Red Light Cameras Shine Bright - NBC 7 San Diego

Red Light Cameras Shine Bright

Department says programs pays for itself, tickets are not voluntary



    Red Light Cameras Shine Bright

    On Wednesday, Los Angeles City Council voted to end its red light camera program due to insufficient funds.

    But unlike LA, the City of San Diego will likely be keeping its red lights cameras, said Bill Harris, spokesperson for the city’s Transportation and Water Shed (TWS) Department.

    The red light program costs close to $1 million. Revenue from tickets not only pays for the program, but also brings in a surplus of about $70,000, Harris said.

    “Our program makes money,” he added. “And it’s been in place long enough to be a viable traffic safety measure.”

    The TWS department is compiling a report on the benefits of the program to present to the city council in September. The councilmembers will then vote on whether or not to renew the contract with the red light camera firm. They will have to make a decision by February, when the contract ends.

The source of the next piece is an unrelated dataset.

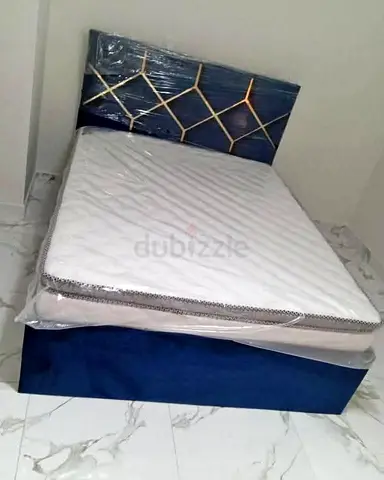 Stylish Modern Queen size Bed including mattress Brand new Queen bed storage family bed double bed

    Harris said that although he cannot speak for the councilmembers, he does not see why they would hesitate to approve renewal. The program markedly enhances safety at no extra cost.

    “Obviously no one wants to get a traffic citation but once these photo enforcements are put in place, people really start paying attention,” Harris said.

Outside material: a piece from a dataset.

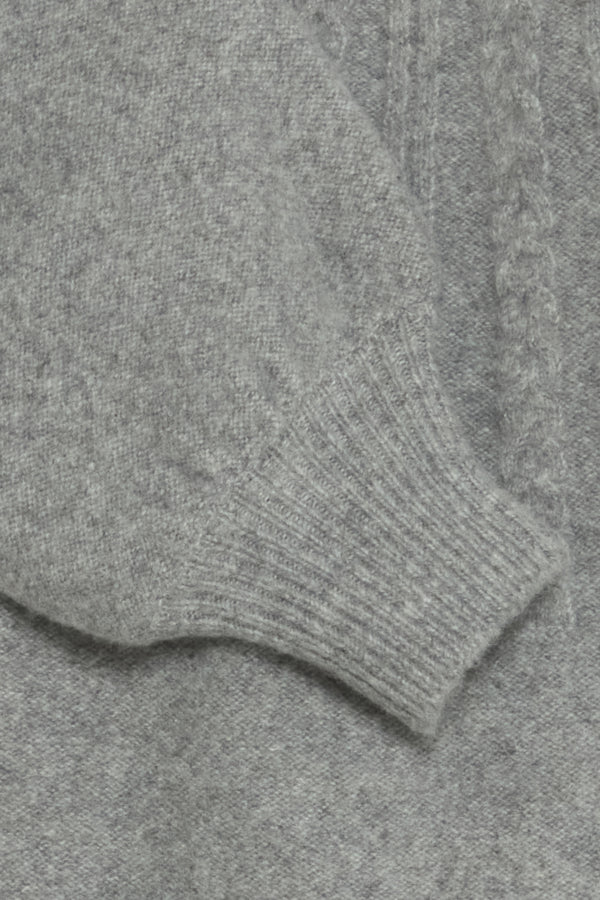 Pull Magge Cable Gris Mélange B.Young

    One reason why LA red light camera programs failed financially was that violators weren’t actually required to pay their citations, according to an article in the Los Angeles Times. Earlier this week, drivers from LA County figured out that if they simply ignored their citations, the city would be unable to pursue them.

    Paying San Diego red light camera citations is not voluntary, though. If violators fail to pay their red light violation citation they will face additional fines, DMV sanctions or a citation on their driver’s license, according to the San Diego Superior Court.

    “I would hate to have someone unintentionally get a fine because they misunderstood something they heard in the news,” said Michael Roddy, Executive Officer of the San Diego Superior Court in a press release.